Pictures with short captions
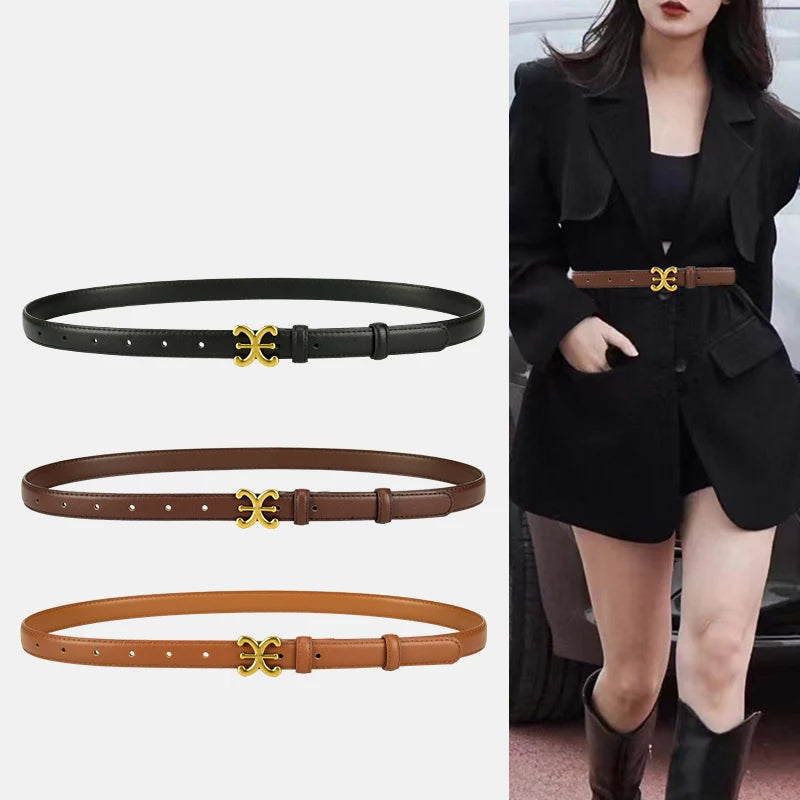 Women's luxury belts fashionable and trendy 1.8CM leather belts body metal buckle head suitable for dress trousers casual wear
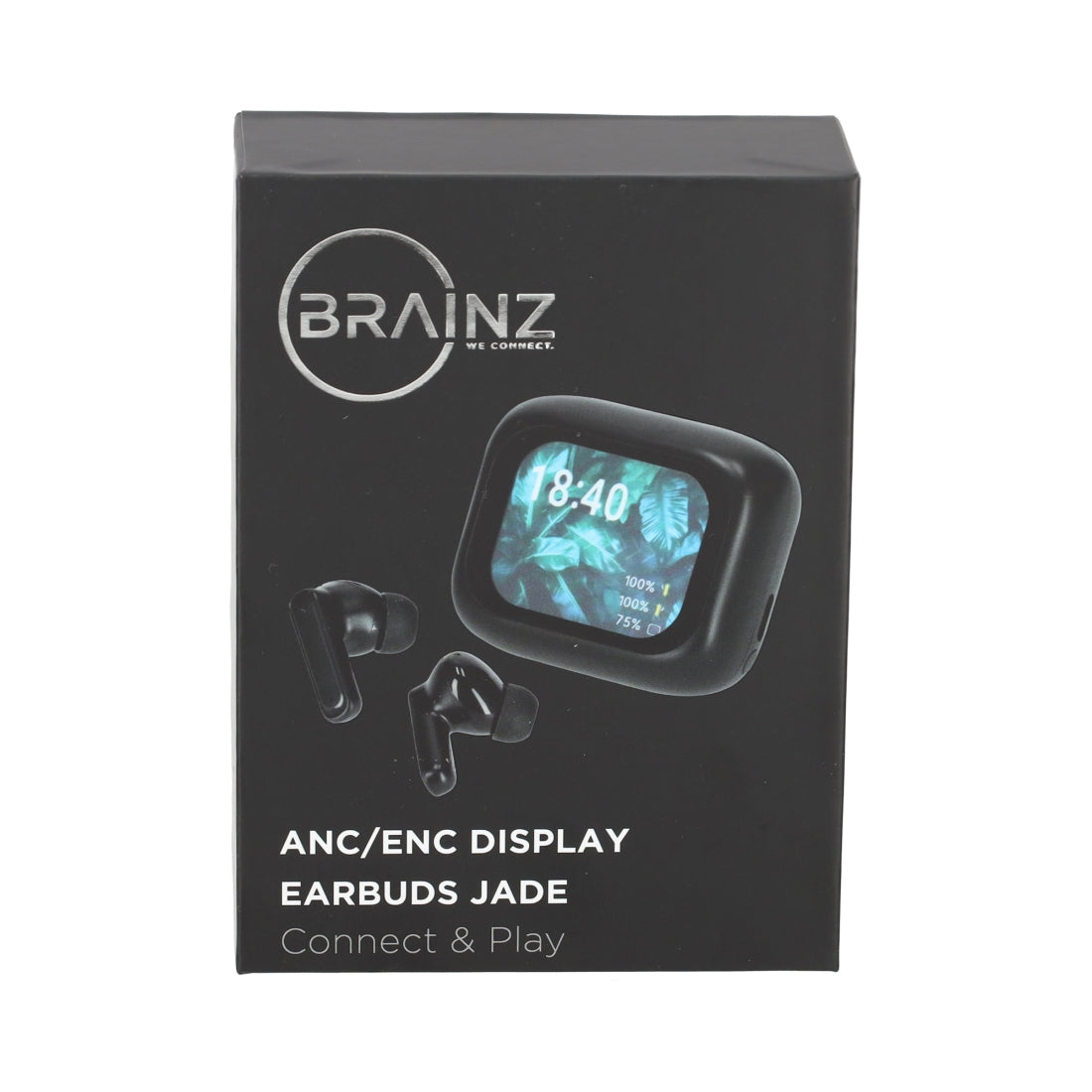 ANC/ENC Display Earbuds Jade Zwart van BRAINZ, productfoto 3
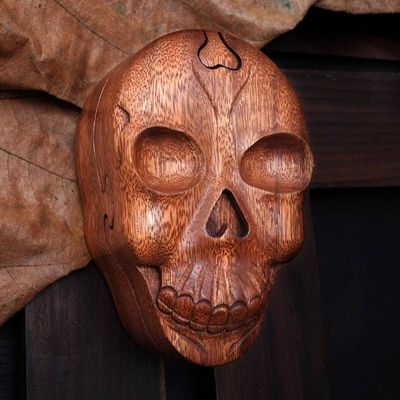 Alternate image for Suar Wood Skull Puzzle Box Crafted in Bali Skull Keeper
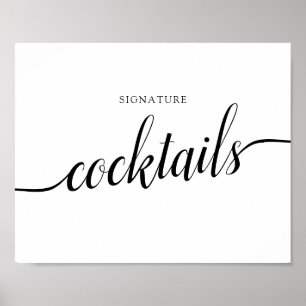 Black & White Calligraphy Bröllop "Cocktails"-skyl Poster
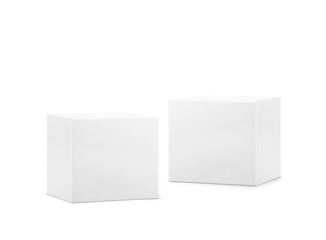 Two white packaging boxes, product packaging on white background.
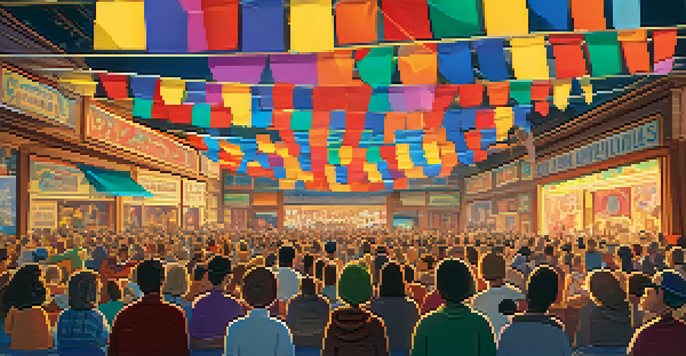 A lively scene of an independent animation festival with diverse animators and colorful displays.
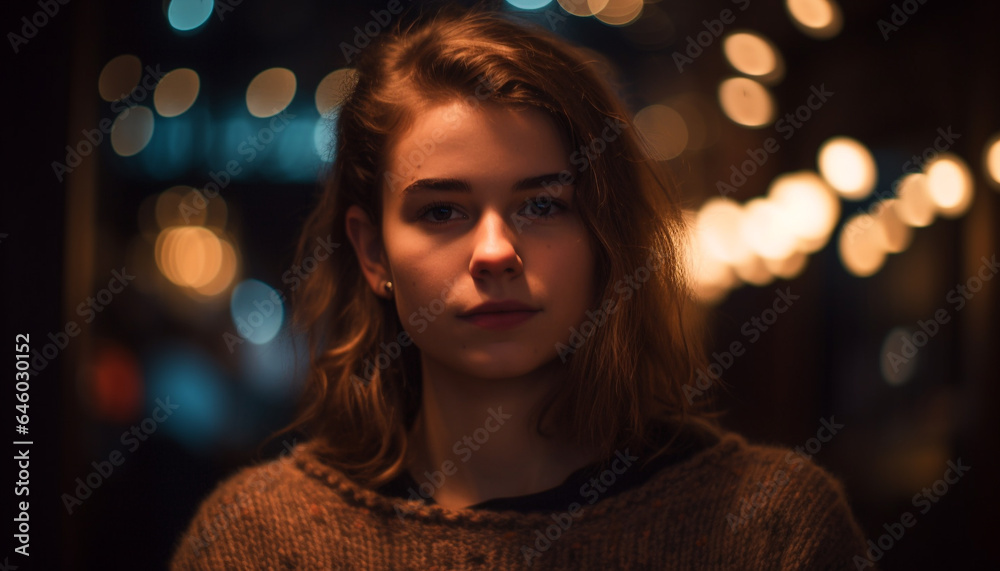 A beautiful young woman smiling, illuminated by street lighting equipment generated by AI A beautiful young woman smiling, illuminated by street lighting equipment generated by AI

_About this exercise:_
All that should be returned is the run of lines from the start of the entries above to the line bearing "A lively scene", each exact, with pictures omitted.

_Answer space:_
 Women's luxury belts fashionable and trendy 1.8CM leather belts body metal buckle head suitable for dress trousers casual wear
 ANC/ENC Display Earbuds Jade Zwart van BRAINZ, productfoto 3
 Alternate image for Suar Wood Skull Puzzle Box Crafted in Bali Skull Keeper
 Black & White Calligraphy Bröllop "Cocktails"-skyl Poster
 Two white packaging boxes, product packaging on white background.
 A lively scene of an independent animation festival with diverse animators and colorful displays.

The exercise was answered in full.